Vaccines that contain live attenuated viruses or bacteria such as oral polio, measles, and Bacillus Calmette-Guérin vaccines are associated with a lower risk of respiratory infections and lower all-cause mortality in infants. These non-specific effects are mediated by trained immunity.
Trained immunity is the non-specific resistance to infection conferred by innate immune cells. Mechanistic studies have attributed trained immunity to epigenetic reprogramming that occurs when innate immune cells are activated by infection or vaccination (Netea et al., 2016). This epigenetic reprogramming results in enhanced inflammatory and antimicrobial properties in innate cells when encountered with secondary stimuli.

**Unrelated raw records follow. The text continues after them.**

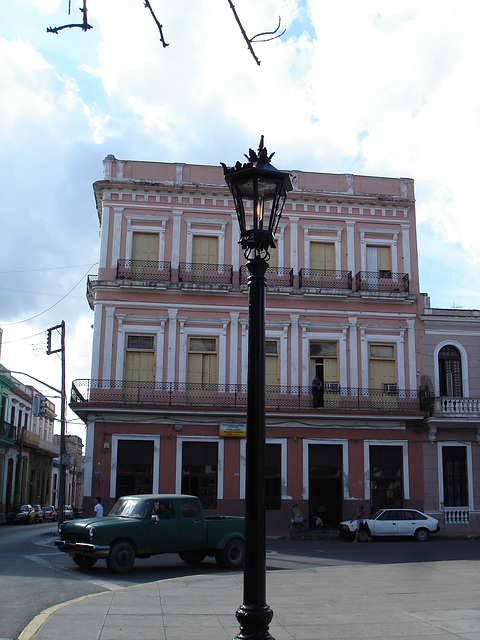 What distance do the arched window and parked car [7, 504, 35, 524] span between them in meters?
29.0

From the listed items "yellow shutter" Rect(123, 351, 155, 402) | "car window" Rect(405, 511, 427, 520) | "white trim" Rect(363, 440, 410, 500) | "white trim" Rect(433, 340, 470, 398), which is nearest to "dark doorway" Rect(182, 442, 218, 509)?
"yellow shutter" Rect(123, 351, 155, 402)

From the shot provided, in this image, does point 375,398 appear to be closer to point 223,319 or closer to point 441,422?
point 441,422

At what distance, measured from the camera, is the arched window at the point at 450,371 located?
28906mm

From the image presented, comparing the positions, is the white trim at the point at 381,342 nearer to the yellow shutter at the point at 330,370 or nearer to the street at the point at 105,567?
the yellow shutter at the point at 330,370

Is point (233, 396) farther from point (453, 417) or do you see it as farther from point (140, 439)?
point (453, 417)

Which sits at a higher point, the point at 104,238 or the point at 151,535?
the point at 104,238

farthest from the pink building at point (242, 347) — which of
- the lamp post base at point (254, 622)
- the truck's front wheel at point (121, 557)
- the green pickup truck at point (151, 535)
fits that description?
the lamp post base at point (254, 622)

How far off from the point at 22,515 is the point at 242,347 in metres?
24.5

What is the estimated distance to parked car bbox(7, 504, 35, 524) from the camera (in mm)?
44406

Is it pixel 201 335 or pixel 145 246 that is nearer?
pixel 201 335

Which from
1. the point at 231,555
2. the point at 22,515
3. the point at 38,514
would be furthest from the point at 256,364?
the point at 38,514

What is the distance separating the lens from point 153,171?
95.8 feet

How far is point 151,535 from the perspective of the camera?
15031mm

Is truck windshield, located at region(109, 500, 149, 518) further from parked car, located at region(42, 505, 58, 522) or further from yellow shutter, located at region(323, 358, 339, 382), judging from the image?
parked car, located at region(42, 505, 58, 522) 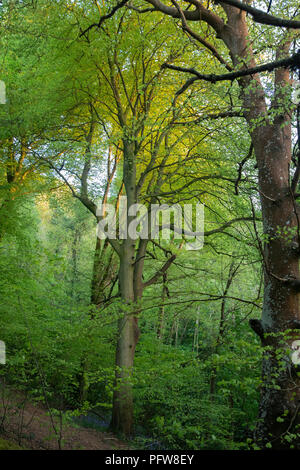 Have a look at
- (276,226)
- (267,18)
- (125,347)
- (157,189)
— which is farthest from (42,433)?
(267,18)

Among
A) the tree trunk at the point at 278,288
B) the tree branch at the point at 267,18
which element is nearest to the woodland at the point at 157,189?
the tree trunk at the point at 278,288

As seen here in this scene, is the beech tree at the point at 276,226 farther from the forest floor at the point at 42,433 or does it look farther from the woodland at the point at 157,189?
the forest floor at the point at 42,433

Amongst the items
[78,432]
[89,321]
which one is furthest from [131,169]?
[78,432]

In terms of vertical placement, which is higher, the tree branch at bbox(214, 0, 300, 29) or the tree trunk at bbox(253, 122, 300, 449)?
the tree branch at bbox(214, 0, 300, 29)

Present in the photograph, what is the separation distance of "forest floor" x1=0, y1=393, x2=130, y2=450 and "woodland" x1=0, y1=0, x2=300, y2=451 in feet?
0.73

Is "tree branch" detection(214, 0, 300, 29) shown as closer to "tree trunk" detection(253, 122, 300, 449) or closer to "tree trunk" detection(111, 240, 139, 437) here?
"tree trunk" detection(253, 122, 300, 449)

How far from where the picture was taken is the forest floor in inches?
180

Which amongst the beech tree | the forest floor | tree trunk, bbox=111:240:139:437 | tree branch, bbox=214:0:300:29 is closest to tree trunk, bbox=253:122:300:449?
the beech tree

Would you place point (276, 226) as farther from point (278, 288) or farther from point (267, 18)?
point (267, 18)

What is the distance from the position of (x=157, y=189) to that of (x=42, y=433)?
5790 mm

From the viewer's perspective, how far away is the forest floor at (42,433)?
4.57 meters

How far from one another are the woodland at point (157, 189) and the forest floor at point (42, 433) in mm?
224

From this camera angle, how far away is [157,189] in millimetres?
8500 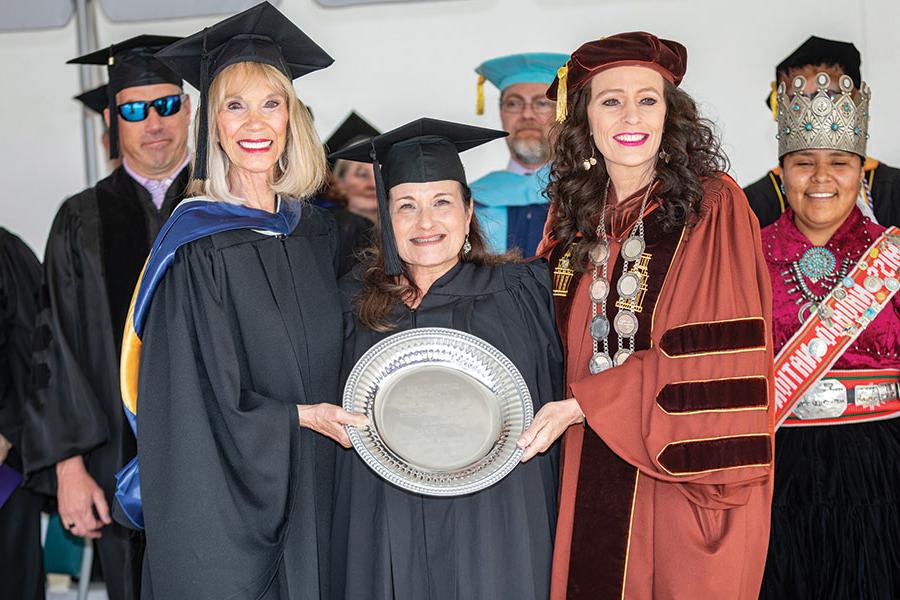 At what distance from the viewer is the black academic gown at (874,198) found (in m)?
4.12

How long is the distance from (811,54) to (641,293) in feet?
4.64

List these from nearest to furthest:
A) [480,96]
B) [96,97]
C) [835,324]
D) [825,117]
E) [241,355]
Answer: [241,355] → [835,324] → [825,117] → [96,97] → [480,96]

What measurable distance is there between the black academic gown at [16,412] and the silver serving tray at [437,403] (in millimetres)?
2070

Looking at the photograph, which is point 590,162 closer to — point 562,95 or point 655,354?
point 562,95

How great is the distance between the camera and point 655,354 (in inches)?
114

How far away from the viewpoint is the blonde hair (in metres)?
3.12

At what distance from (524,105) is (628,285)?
2.31m

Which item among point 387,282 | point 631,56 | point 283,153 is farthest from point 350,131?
point 631,56

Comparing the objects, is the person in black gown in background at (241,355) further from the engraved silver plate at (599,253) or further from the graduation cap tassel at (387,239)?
the engraved silver plate at (599,253)

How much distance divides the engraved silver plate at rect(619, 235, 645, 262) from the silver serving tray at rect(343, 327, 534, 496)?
0.52m

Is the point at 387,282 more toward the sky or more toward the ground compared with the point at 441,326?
more toward the sky

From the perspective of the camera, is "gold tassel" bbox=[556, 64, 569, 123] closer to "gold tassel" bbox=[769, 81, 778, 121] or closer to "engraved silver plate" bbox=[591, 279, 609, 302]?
"engraved silver plate" bbox=[591, 279, 609, 302]

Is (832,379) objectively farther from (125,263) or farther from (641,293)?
(125,263)

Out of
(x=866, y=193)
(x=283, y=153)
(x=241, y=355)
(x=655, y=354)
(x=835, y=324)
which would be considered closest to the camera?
(x=655, y=354) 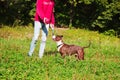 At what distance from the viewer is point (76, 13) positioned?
30641mm

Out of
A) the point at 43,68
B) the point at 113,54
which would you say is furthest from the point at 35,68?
the point at 113,54

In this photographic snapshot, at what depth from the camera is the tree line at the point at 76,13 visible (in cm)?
2800

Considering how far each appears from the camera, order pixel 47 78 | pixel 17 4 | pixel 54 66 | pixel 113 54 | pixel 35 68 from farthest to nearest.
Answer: pixel 17 4, pixel 113 54, pixel 54 66, pixel 35 68, pixel 47 78

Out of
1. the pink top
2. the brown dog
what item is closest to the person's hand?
the pink top

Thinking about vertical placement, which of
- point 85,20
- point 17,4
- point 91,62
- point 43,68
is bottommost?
point 85,20

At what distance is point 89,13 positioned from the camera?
3067 cm

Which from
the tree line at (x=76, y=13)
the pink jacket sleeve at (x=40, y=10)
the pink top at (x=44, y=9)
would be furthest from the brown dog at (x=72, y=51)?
the tree line at (x=76, y=13)

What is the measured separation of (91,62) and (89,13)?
17.8 m

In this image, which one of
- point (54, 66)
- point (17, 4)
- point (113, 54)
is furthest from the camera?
point (17, 4)

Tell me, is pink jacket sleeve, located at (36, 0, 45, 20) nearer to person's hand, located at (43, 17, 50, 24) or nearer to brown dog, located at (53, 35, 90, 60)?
person's hand, located at (43, 17, 50, 24)

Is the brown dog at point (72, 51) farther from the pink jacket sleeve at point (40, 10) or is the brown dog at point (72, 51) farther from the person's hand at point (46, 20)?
the pink jacket sleeve at point (40, 10)

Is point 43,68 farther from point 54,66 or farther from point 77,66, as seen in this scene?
point 77,66

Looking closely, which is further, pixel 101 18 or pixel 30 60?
pixel 101 18

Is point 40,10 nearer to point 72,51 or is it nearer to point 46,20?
point 46,20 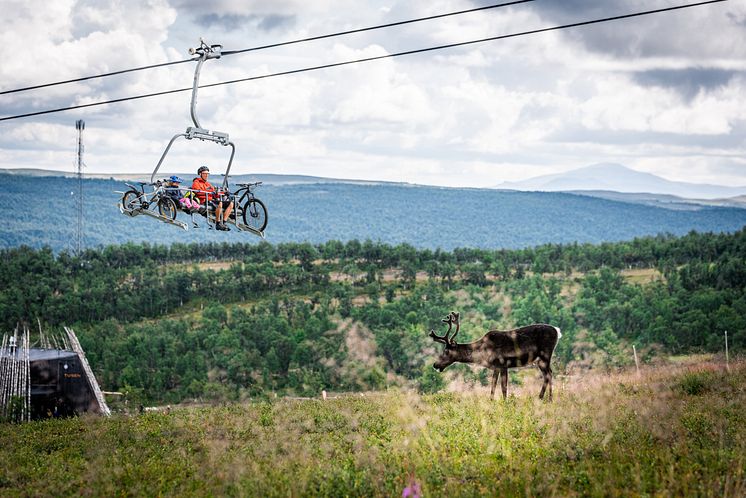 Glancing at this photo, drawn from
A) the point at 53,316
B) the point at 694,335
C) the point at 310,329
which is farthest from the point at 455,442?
the point at 53,316

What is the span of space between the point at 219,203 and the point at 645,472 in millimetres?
11735

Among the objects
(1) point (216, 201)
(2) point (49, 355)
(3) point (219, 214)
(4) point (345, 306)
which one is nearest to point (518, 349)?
(3) point (219, 214)

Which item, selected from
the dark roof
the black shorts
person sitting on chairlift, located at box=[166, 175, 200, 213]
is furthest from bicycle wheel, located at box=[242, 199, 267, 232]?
the dark roof

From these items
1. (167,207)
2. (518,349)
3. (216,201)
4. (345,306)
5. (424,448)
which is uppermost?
(216,201)

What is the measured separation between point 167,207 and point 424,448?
854cm

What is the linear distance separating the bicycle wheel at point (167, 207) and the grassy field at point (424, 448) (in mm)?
5717

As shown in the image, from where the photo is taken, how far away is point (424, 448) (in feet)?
53.6

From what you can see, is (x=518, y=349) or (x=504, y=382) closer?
(x=504, y=382)

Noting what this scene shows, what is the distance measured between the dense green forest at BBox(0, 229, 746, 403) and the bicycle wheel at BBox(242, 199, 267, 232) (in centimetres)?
4885

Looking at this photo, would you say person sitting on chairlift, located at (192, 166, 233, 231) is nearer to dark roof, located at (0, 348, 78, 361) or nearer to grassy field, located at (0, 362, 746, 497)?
grassy field, located at (0, 362, 746, 497)

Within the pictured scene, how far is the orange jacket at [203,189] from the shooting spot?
19609 mm

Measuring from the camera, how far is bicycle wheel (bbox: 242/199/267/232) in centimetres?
2025

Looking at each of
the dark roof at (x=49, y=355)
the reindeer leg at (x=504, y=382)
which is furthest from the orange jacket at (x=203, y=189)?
the dark roof at (x=49, y=355)

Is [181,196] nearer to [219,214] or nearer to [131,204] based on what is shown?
[219,214] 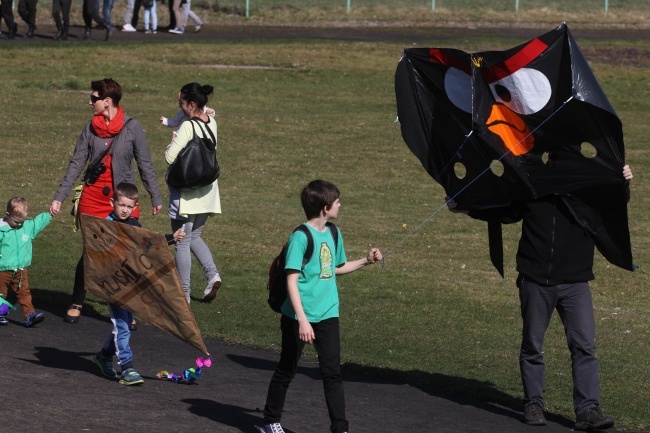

The elderly are very susceptible to infections. Many researchers have suggested that vaccine-induced trained immunity could be a potential strategy to reduce the incidence of infection in the elderly. To determine if this is possible, researchers designed a clinical trial (ACTIVATE) that vaccinated elderly hospitalized patients on the day of hospital discharge with a single dose of placebo or BCG and followed-up for 12 months. The first participant was recruited in 2017 and the last patient visit was scheduled for August 2020. However, due to the COVID-19 pandemic researchers performed an interim analysis to determine if BCG vaccination had non-specific protection against any infection.
They showed that elderly BCG vaccination is safe and reduces the time to acquiring infections as well as reducing the incidence of respiratory infections. This protective effect was mediated by trained immunity. Specifically, they demonstrated BCG-induced epigenetic modifications and functional changes that resulted in higher pro-inflammatory responses by monocytes (see image).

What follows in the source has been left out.